• [Work required]: Using the data that follows, return exactly the lines from the one that contains "Une chambre avec" through the one that contains "Dry white rice", ends included.
(Beginning of Provided data)
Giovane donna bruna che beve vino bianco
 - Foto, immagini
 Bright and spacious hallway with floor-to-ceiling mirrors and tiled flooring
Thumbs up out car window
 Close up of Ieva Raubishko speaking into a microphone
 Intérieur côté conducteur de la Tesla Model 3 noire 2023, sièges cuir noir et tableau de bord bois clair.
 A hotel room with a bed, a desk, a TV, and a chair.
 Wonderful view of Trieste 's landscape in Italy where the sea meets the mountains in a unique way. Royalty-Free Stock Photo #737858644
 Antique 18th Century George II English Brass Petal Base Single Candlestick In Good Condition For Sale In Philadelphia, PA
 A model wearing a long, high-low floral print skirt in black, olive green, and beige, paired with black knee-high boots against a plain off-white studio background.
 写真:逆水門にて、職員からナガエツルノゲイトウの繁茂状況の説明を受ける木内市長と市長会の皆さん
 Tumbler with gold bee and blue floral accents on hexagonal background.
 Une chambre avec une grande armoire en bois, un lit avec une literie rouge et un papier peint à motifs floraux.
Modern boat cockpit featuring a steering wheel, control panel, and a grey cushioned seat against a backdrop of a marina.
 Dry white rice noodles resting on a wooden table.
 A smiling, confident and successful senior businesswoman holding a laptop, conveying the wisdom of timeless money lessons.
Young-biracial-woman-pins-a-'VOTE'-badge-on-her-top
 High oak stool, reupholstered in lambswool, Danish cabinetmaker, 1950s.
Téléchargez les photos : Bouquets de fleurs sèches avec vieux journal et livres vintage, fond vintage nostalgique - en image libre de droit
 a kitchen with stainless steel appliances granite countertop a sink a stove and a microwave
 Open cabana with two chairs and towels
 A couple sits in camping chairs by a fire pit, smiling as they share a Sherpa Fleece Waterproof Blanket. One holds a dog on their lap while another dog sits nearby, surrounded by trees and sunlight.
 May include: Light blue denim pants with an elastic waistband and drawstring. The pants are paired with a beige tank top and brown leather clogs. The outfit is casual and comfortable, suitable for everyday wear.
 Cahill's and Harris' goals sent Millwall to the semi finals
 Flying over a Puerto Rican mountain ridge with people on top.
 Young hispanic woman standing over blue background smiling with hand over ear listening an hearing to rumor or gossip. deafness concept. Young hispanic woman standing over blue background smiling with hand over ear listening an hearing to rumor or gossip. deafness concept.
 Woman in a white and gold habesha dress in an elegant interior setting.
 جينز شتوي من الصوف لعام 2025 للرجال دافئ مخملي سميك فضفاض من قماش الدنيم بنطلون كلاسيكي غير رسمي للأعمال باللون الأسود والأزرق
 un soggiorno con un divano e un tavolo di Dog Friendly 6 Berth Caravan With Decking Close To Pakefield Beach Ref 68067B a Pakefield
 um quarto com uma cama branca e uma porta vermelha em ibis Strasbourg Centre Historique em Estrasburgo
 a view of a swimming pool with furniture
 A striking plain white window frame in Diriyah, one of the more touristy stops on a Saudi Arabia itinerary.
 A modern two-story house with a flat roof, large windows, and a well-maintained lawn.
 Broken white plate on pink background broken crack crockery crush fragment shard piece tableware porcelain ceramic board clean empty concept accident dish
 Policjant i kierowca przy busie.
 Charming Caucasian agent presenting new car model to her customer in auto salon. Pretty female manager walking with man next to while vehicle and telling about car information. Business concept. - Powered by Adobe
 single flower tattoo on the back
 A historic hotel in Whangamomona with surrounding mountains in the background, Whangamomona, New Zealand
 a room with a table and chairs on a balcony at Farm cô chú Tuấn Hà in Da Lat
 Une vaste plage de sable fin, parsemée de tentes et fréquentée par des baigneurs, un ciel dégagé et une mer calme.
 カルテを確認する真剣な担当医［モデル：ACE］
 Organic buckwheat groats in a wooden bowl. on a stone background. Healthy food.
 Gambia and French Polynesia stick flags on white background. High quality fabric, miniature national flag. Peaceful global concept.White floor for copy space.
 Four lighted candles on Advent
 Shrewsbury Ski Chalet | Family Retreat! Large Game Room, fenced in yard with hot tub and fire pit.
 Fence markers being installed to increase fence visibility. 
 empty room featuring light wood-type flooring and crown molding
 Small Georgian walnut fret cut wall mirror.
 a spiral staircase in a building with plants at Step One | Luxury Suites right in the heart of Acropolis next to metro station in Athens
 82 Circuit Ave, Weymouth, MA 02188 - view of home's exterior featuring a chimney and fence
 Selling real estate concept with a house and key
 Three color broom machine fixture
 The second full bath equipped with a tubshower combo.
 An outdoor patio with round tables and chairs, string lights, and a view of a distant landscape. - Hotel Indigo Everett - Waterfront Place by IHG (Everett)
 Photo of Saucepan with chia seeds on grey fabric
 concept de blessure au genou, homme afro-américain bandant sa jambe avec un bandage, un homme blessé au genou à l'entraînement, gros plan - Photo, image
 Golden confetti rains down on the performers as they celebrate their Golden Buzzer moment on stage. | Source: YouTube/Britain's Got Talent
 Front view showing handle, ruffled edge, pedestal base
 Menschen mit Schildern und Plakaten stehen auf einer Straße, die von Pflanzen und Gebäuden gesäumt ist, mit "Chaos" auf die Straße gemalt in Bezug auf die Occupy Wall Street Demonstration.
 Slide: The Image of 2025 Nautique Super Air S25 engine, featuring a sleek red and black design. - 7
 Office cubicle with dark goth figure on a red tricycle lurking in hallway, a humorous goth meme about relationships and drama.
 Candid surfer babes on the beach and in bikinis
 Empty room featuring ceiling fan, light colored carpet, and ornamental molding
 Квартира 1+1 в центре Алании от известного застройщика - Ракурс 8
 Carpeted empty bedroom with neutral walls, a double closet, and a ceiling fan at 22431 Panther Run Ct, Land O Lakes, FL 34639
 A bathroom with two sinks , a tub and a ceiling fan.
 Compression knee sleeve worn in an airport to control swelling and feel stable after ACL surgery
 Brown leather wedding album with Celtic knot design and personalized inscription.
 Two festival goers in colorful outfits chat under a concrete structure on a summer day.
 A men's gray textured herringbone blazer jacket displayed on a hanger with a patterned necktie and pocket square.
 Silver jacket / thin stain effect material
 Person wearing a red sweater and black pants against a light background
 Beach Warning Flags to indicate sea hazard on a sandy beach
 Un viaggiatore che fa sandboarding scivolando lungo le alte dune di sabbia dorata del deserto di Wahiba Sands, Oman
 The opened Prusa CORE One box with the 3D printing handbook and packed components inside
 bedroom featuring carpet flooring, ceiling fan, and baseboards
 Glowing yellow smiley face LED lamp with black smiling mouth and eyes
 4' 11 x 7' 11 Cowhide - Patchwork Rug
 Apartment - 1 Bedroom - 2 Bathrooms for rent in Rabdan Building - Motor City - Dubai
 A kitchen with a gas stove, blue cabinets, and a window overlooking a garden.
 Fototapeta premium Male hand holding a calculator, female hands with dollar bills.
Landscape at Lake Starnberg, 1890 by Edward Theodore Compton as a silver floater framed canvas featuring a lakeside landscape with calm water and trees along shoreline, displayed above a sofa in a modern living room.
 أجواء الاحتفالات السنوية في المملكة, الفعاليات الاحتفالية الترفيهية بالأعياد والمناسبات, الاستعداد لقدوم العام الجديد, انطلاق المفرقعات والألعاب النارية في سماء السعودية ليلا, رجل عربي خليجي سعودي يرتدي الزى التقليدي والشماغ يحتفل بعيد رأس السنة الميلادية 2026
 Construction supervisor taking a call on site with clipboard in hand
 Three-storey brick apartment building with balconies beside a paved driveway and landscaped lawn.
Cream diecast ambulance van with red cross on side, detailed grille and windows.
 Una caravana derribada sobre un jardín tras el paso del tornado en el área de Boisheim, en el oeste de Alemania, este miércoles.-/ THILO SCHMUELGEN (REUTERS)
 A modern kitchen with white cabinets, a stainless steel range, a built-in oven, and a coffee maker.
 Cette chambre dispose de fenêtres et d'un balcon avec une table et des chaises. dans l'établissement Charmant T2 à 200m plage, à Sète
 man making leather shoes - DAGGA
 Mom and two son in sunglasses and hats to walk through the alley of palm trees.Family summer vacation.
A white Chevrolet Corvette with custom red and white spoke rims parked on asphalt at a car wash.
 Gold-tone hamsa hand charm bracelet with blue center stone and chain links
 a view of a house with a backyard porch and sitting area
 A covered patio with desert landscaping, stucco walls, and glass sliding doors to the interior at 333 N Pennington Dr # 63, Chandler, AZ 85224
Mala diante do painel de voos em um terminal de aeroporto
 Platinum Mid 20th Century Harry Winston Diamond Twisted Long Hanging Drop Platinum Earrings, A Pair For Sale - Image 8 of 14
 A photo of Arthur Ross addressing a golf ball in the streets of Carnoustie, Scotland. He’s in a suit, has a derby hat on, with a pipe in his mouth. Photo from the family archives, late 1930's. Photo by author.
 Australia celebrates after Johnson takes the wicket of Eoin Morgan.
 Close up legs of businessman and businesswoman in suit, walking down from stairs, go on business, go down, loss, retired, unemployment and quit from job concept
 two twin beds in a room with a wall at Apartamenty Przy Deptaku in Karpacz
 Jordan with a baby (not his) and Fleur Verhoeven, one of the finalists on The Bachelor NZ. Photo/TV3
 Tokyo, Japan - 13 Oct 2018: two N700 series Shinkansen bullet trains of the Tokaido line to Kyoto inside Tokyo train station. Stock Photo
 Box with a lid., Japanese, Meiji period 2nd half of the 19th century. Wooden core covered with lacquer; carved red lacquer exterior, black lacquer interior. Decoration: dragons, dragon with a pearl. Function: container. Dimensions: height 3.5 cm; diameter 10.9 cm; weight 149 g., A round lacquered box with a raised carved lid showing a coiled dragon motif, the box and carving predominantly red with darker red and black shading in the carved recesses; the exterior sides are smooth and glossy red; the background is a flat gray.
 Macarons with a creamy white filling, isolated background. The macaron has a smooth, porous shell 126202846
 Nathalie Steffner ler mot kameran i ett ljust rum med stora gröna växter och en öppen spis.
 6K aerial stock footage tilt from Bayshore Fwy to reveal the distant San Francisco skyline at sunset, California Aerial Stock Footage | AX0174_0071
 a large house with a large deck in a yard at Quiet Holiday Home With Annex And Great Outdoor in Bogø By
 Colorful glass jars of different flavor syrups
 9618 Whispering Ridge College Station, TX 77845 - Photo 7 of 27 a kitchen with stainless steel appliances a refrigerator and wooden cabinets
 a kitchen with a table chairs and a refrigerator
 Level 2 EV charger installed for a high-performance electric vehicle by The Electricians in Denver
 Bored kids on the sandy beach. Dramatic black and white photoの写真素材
(End of Provided data)
• [Response for this exercise]:
 Une chambre avec une grande armoire en bois, un lit avec une literie rouge et un papier peint à motifs floraux.
Modern boat cockpit featuring a steering wheel, control panel, and a grey cushioned seat against a backdrop of a marina.
 Dry white rice noodles resting on a wooden table.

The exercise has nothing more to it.